Before defining the semantics of a \gls{pip}, a new special location $\ell_\bot$
is introduced that will be used to indicate the termination of a program as well
as a virtual transition $t_\bot$ and general transition $g_\bot = \{t_\bot\}$
with the same purpose. Instead of just terminating, a program takes the
transition $g_\bot$ to the location $\ell_\bot$ if and only if no other general
transition's guard is satisfied. Since no normal transition leaves the location
$l_\bot$ the run loops indefinitely on the location $\ell_\bot$. In addition, a
new transition $t_\text{in}$ is added for the start of the program. 

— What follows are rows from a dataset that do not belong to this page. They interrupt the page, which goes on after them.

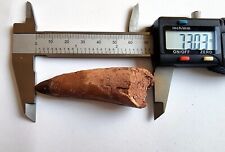 Large Spinosaur Dinosaur Tooth Real Fossil 73mm picture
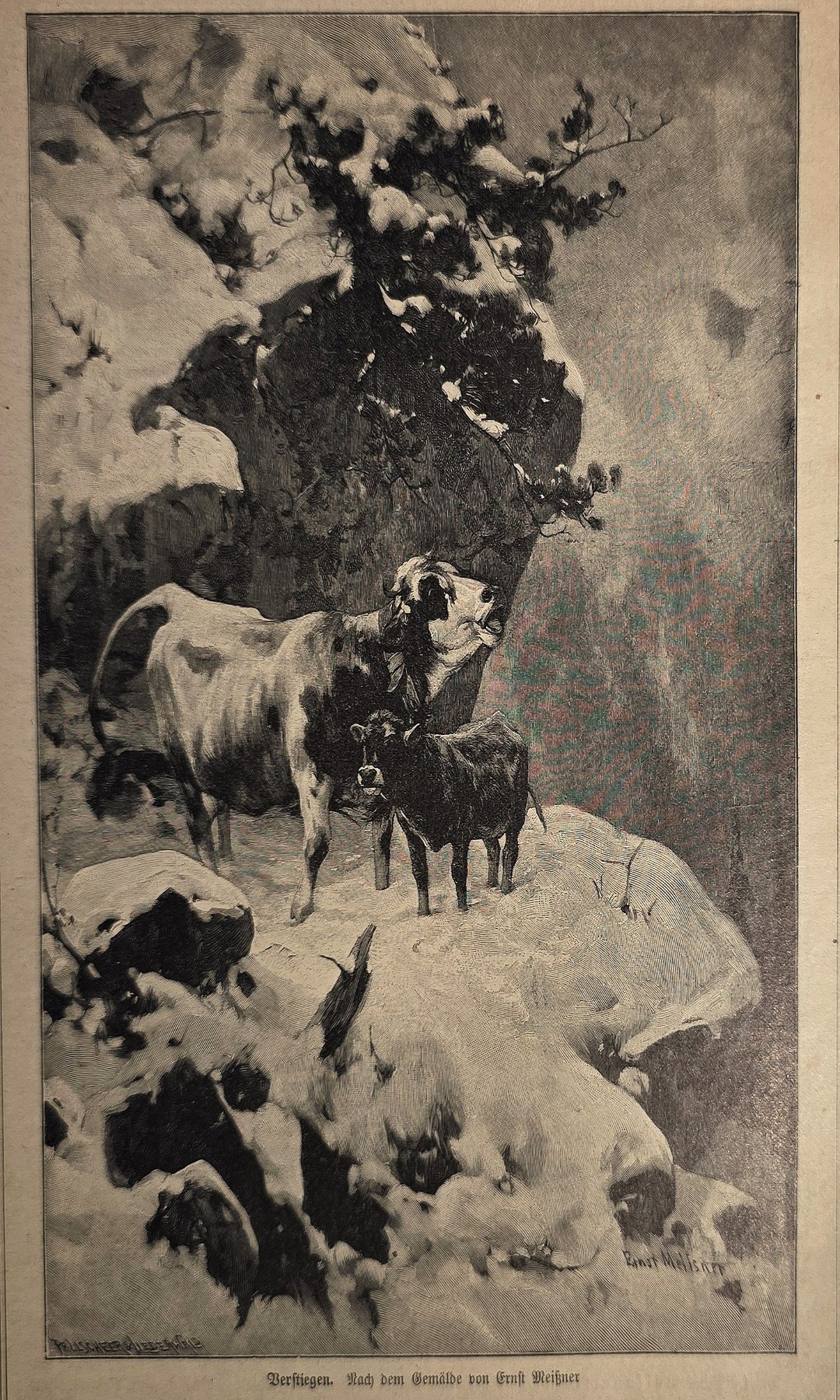 Kühe unter einem großen Baum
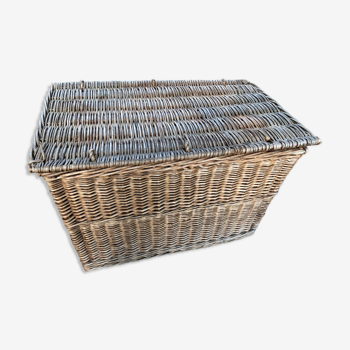 Wicker trunk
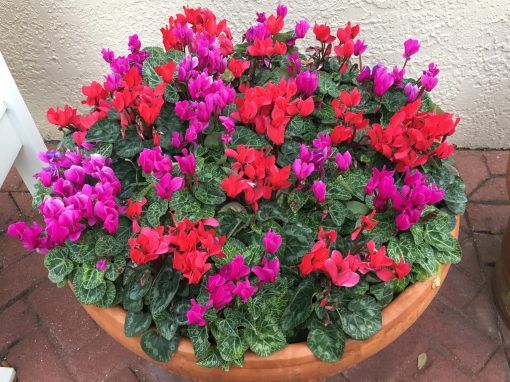 Container of Color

A state $s$ is a full variable assignment for the variables of a program $s: \V
\rightarrow \Z$. $\Sigma$ is the set of all states. The set of configurations is
defined as $\confs_\Prog = (\Loc_\Prog \union \{\ell_\bot\}) \times (\T_\Prog
\union \{t_{\text{in}}, t_\bot\}) \times \Sigma$. Note that additionally to the
location and state, the last transition taken to the current location is
remembered as well. This will not be relevant for the partial evaluation but it
is important to define the probabilistic properties of a \gls{pip}.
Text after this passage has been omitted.